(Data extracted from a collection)
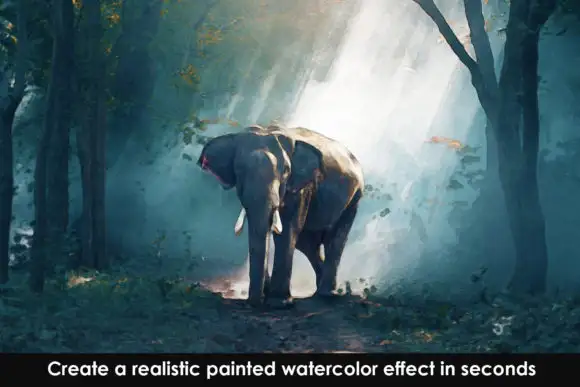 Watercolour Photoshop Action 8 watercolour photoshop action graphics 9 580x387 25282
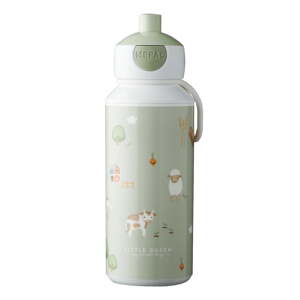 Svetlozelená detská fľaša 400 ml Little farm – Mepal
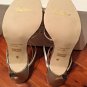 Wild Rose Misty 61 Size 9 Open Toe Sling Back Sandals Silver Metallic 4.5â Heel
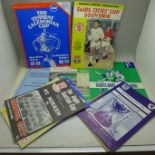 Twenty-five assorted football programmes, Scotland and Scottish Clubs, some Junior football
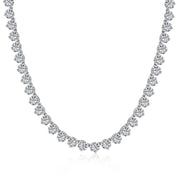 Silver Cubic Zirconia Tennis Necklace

*ABOUT THIS TASK*:
Would you reproduce the records exactly as they stand, but without the pictures?

*SOLUTION TO THE PROBLEM*:
 Watercolour Photoshop Action 8 watercolour photoshop action graphics 9 580x387 25282
 Svetlozelená detská fľaša 400 ml Little farm – Mepal
 Wild Rose Misty 61 Size 9 Open Toe Sling Back Sandals Silver Metallic 4.5â Heel
 Twenty-five assorted football programmes, Scotland and Scottish Clubs, some Junior football
 Silver Cubic Zirconia Tennis Necklace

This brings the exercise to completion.